On April 11, 1886, W. D. Powers was run over by a train belonging to the Richmond and Danville Railroad Company at a station known as "Lula," and so injured that he died in a few hours. This action was brought to recover damages therefor. The plaintiffs are his children, and the proper parties, under the Georgia statutes, to maintain the action. It was commenced in the City Court of Atlanta, Georgia, and thence removed by the defendant to the Circuit Court of the United States for the Northern District of Georgia. A trial was had in November, 1888, which resulted in a verdict and judgment in favor of the plaintiffs for $9,800. On the trial, the defendant asked the following instruction:
"The undisputed fact exists in this case that the deceased man, Powers, being at the time about forty-five years of age, and, so far as the evidence discloses, in full possession of all his faculties, deliberately stepped upon the railroad track immediately in front of an engine which was running towards him at the rate of five or six miles an hour, and not more than ten feet off, and was almost instantly run over and killed."

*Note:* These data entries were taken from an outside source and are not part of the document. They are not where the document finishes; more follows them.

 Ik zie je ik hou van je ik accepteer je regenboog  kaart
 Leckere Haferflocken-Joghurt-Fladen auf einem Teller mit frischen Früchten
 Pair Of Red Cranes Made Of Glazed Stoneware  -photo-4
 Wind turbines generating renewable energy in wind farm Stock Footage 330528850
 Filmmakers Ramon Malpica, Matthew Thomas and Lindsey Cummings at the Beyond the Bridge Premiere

"To say that this was an ordinarily careful act or that this conduct was not negligence on his part would do violence to a plain and well settled principle of law. Admitting that he
was a passenger, and therefore not bound, as a traveler on the highway approaching a crossing would be bound, to listen and to look both ways before attempting to cross the track, still the immediate presence, within a few feet, of a moving locomotive, would, it seems to me, have awakened all the senses of an ordinarily careful man, and would have warned him, in more ways than one, that he ought not to put himself on the track right in front of it."

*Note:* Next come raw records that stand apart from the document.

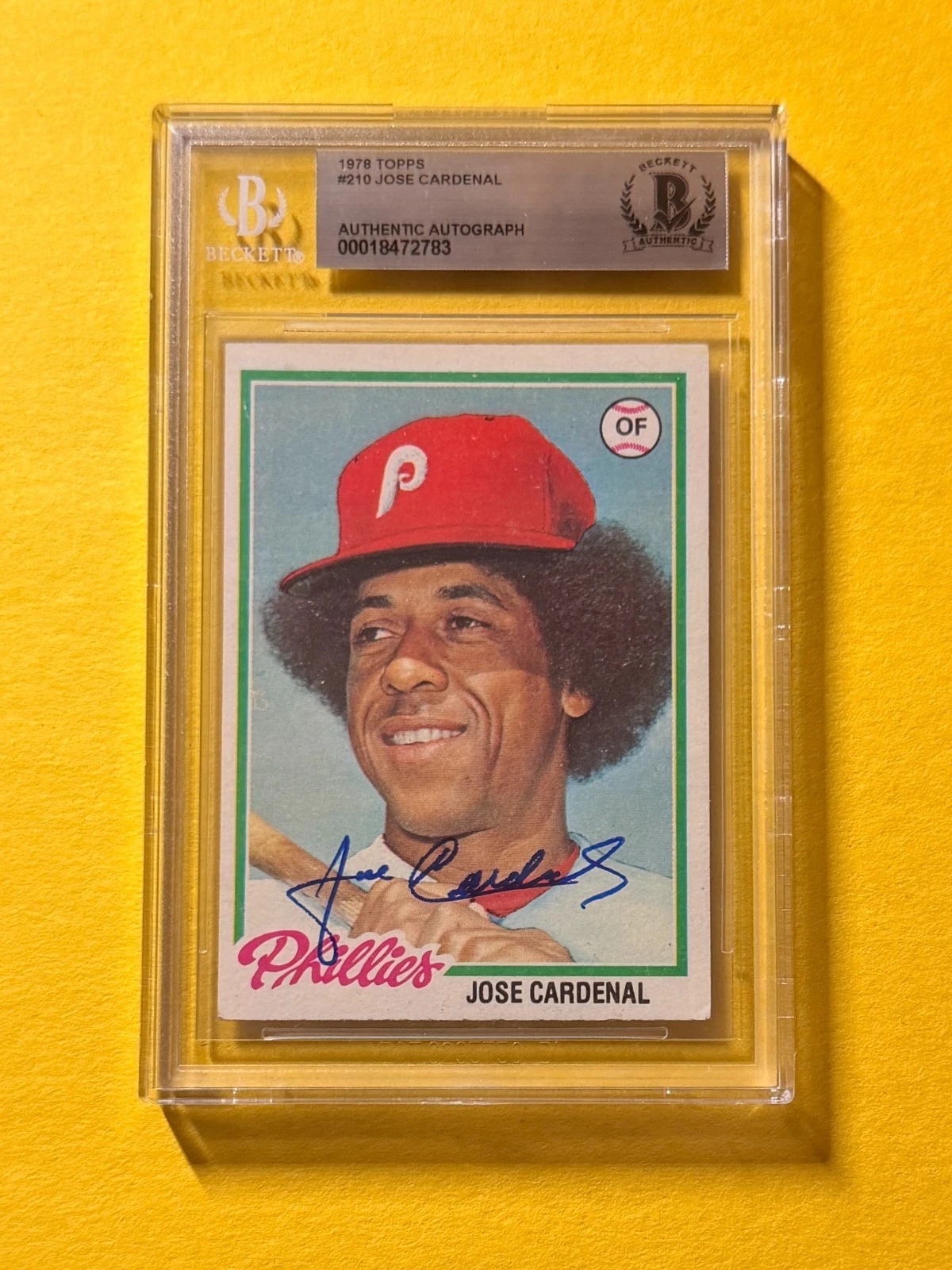 1978 TOPPS JOSE CARDENAL #210 SIGNED AUTO CARD BECKETT AUTHENTIC PHILLIES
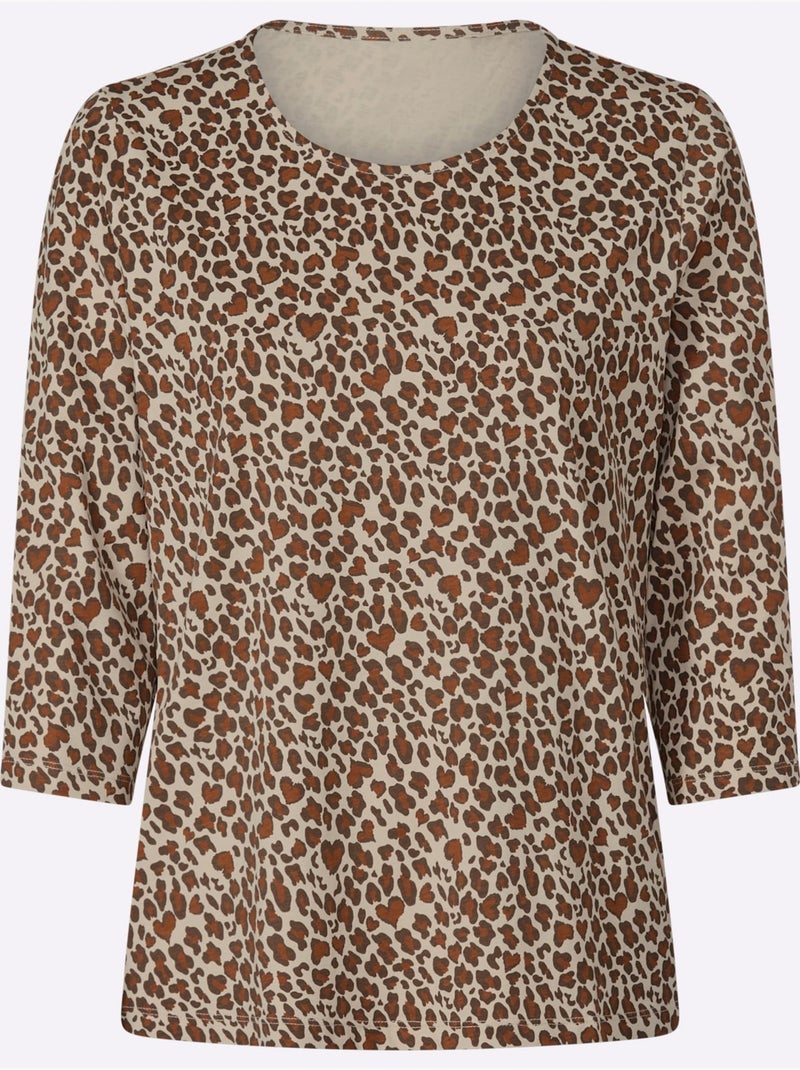 T-shirt à manches 3/4 motif léopard tendance - taille standard - moda vilona Sable - Kiabi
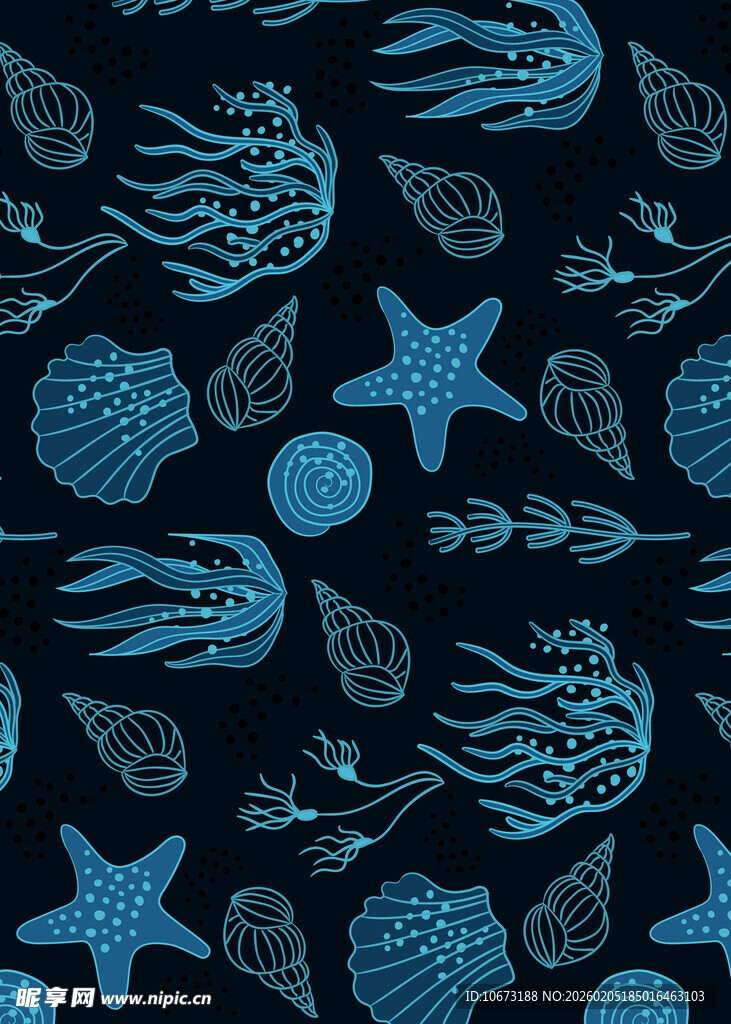海洋生物图案深蓝色背景
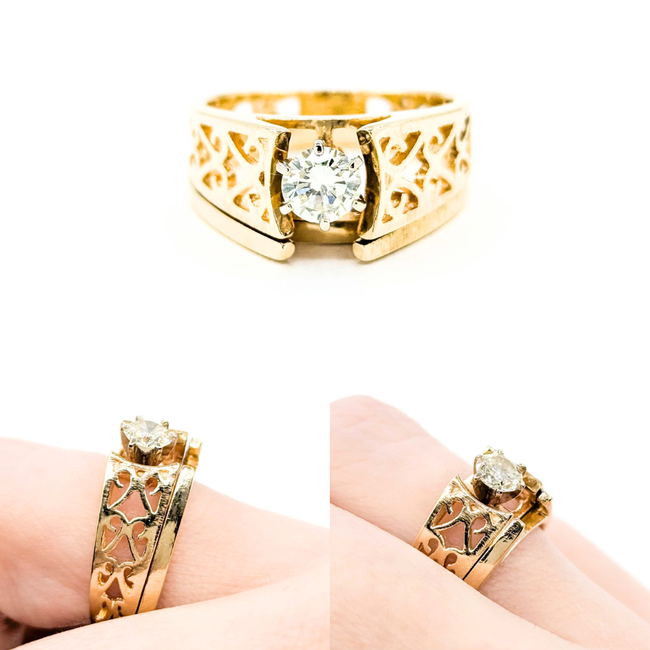 Ring Set Engagement Soldered .40ct Round Diamond 14ky sz6 224110305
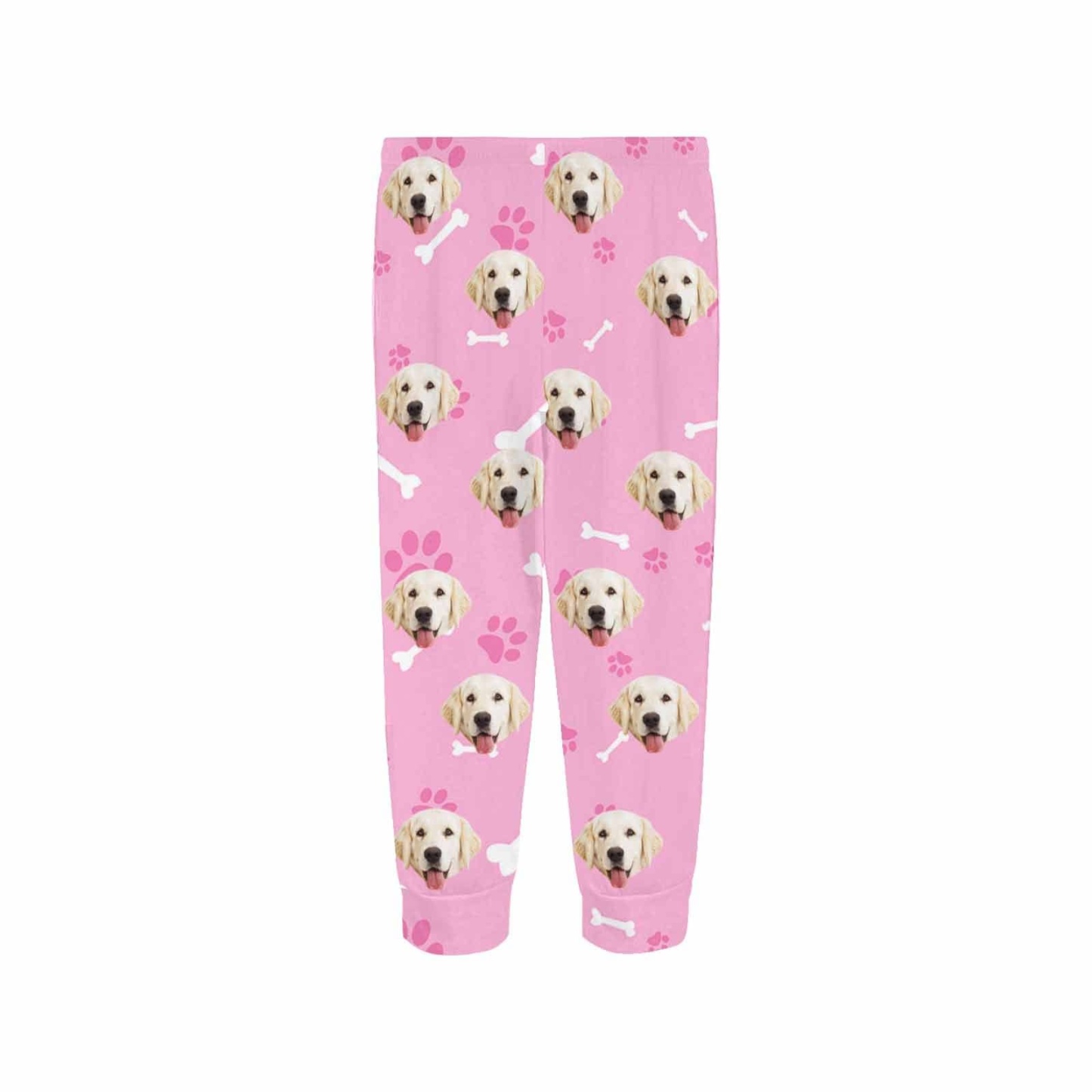 FacePajamas Pajama Shirt&Pants Custom Face Pet Dog Bone Pink Long Pajama Shirt&Pants Personalized Women's Slumber Party Sleepwear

"It cannot be doubted that this was a careless and dangerous step. If he had been ordinarily careful, he would not have been killed or injured even if the defendant was negligent. There is nothing in the other testimony in the case which relieves him from the consequences of this act of negligence. If he had not died, and had brought suit, he could not have recovered, nor can these plaintiffs recover, under these facts, and it is therefore your duty, under the law, to find a verdict for the defendant."